Assessing the scalability of biologically-motivated deep learning algorithms and architectures
S Bartunov, A Santoro, B Richards, L Marris, GE Hinton, T Lillicrap
NeurIPS 2018,
arXiv
The backpropagation of error algorithm (BP) is impossible to implement in a real brain. The recent success of deep networks in machine learning and AI, however, has inspired proposals for understanding how the brain might learn across multiple layers, and hence how it might approximate BP. As of yet, none of these proposals have been rigorously evaluated on tasks where BP-guided deep learning has proved critical, or in architectures more structured than simple fully-connected networks. Here we present results on scaling up biologically motivated models of deep learning on datasets which need deep networks with appropriate architectures to achieve good performance. We present results on the MNIST, CIFAR-10, and ImageNet datasets and explore variants of target-propagation (TP) and feedback alignment (FA) algorithms, and explore performance in both fully- and locally-connected architectures. We also introduce weight-transport-free variants of difference target propagation (DTP) modified to remove backpropagation from the penultimate layer.

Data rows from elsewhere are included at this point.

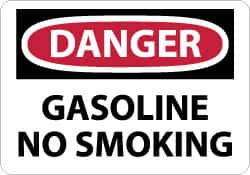 AccuformNMC "Danger - Gasoline - No Smoking", 7" Long x 10" Wide, Aluminum Safety Sign Rectangle, 0.04" Thick, Use for Accident Prevention D388A - 72312499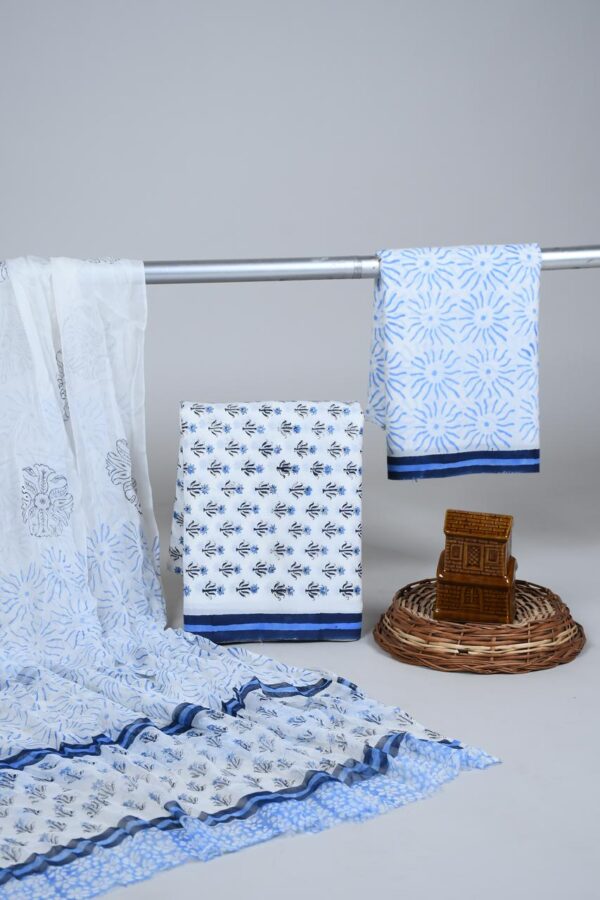Hand Block Print Cotton Suit With Chiffon Dupatta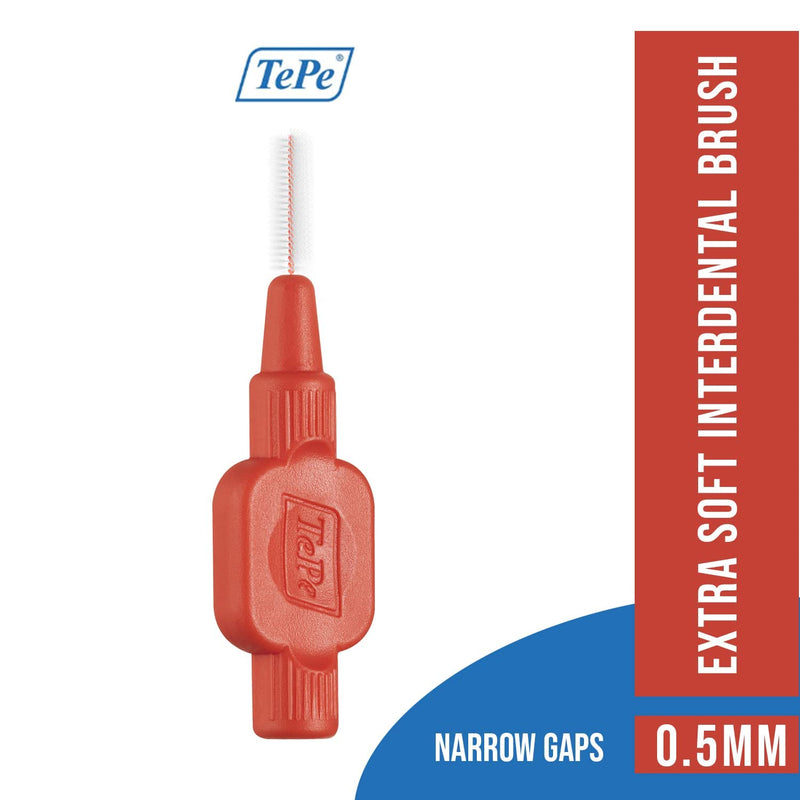 TEPE Extra Soft Interdental Brush Cleaners – Dental Brushes Between Teeth 8 Pk, Red 0.5mm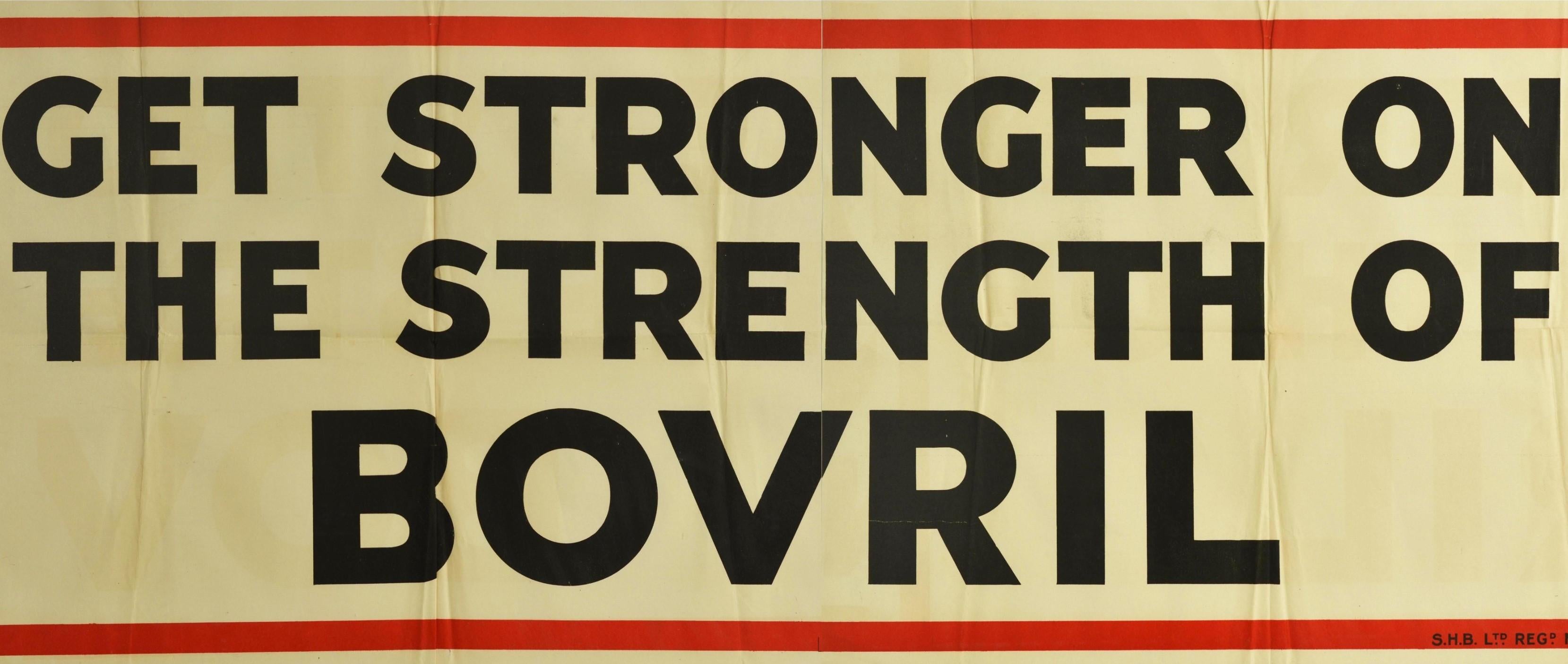 British Original Vintage Poster Get Stronger On The Strength Of Bovril Ad Hot Drink Food
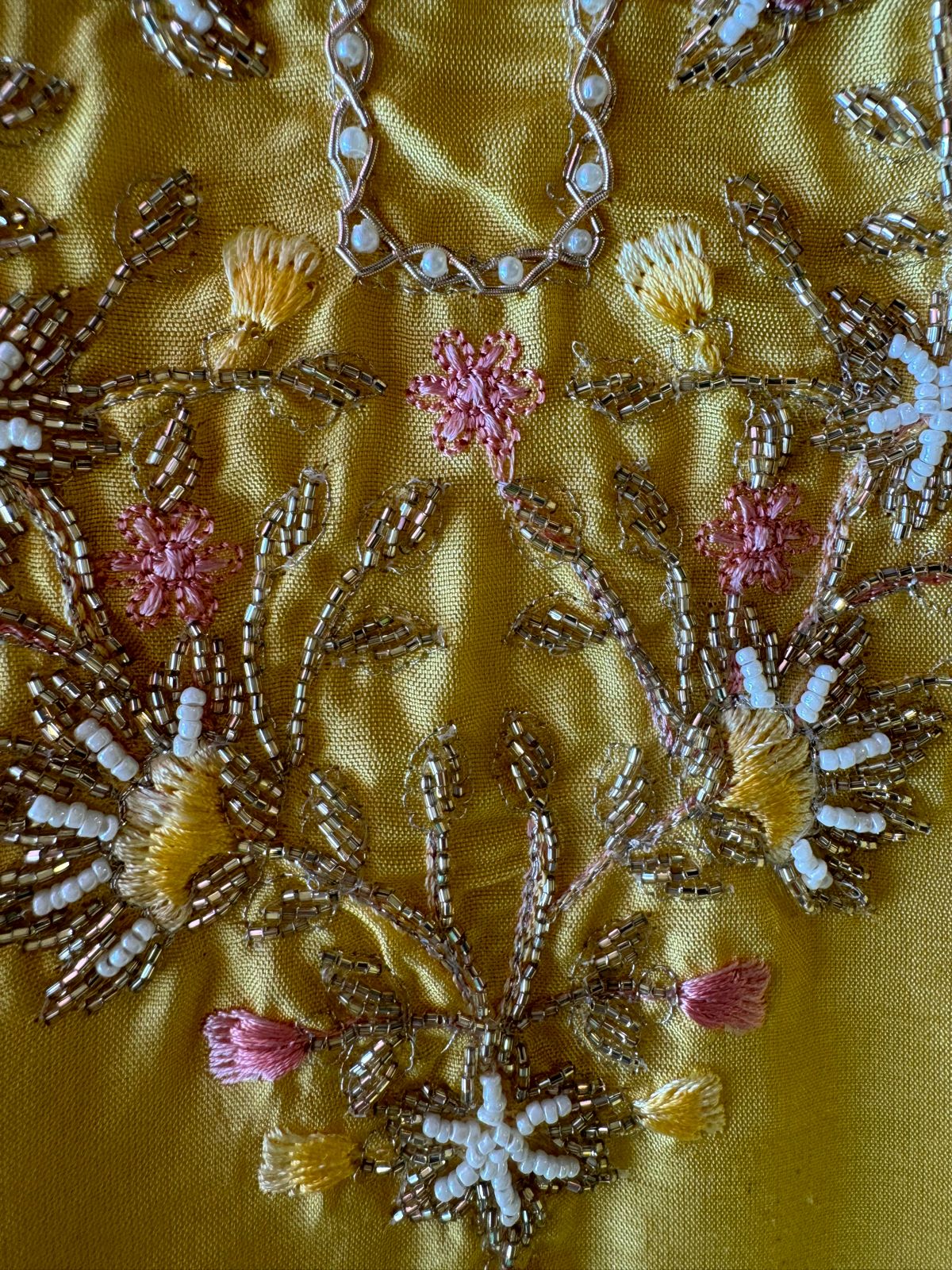 Pure silk shirt with beautiful handwork on the neckline with nalki , Dori work, thread work and pearl embellishments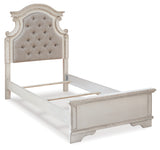 Realyn Chipped White Twin Upholstered Panel Bed from Ashley - Luna Furniture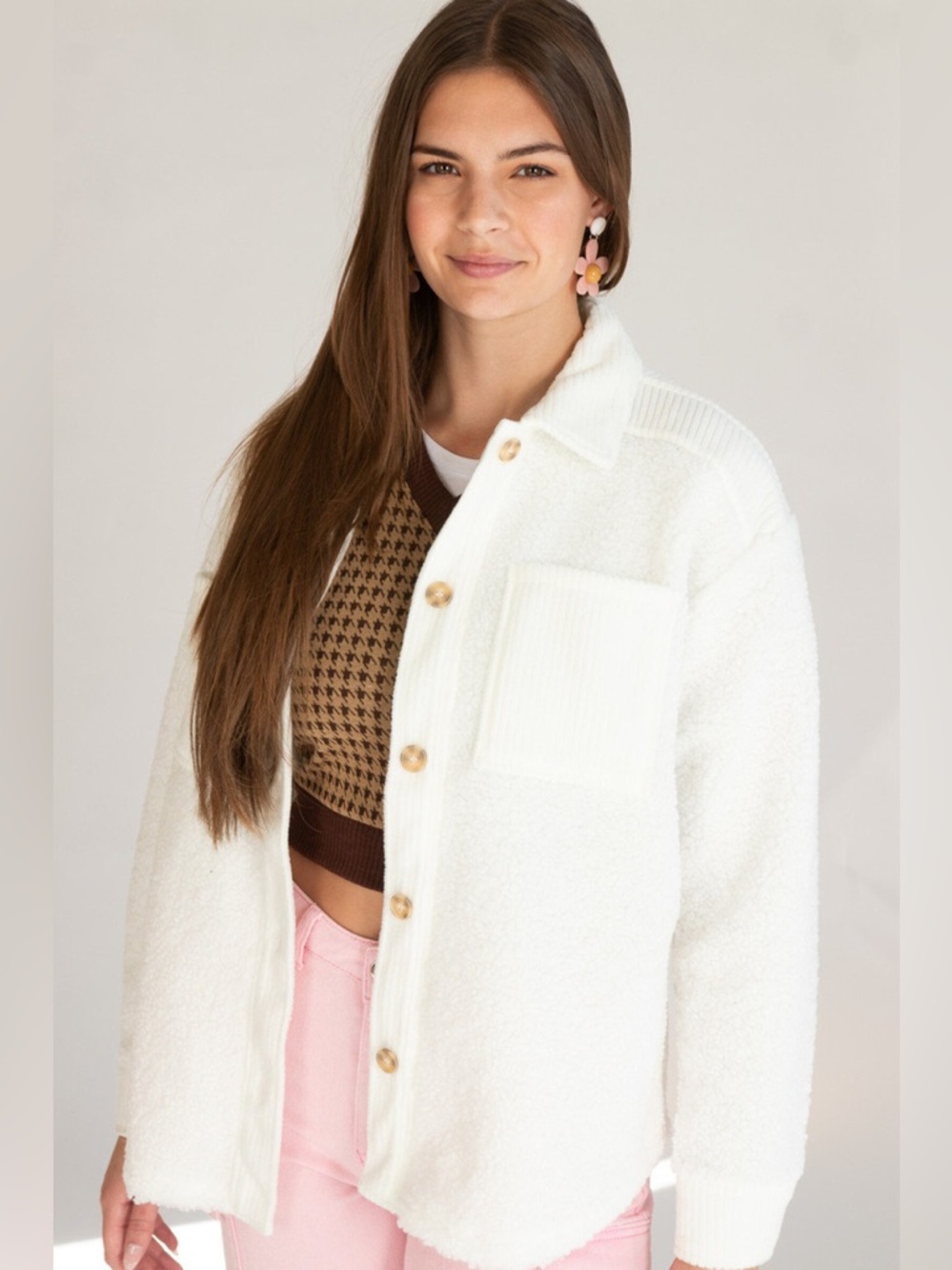 No Comment Contrast Sherpa Shacket Button Up Fleece Jacket Cozy Oversized Size L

Many of these algorithms perform well for MNIST, but for CIFAR and ImageNet we find that TP and FA variants perform significantly worse than BP, especially for networks composed of locally connected units, opening questions about whether new architectures and algorithms are required to scale these approaches. Our results and implementation details help establish baselines for biologically motivated deep learning schemes going forward.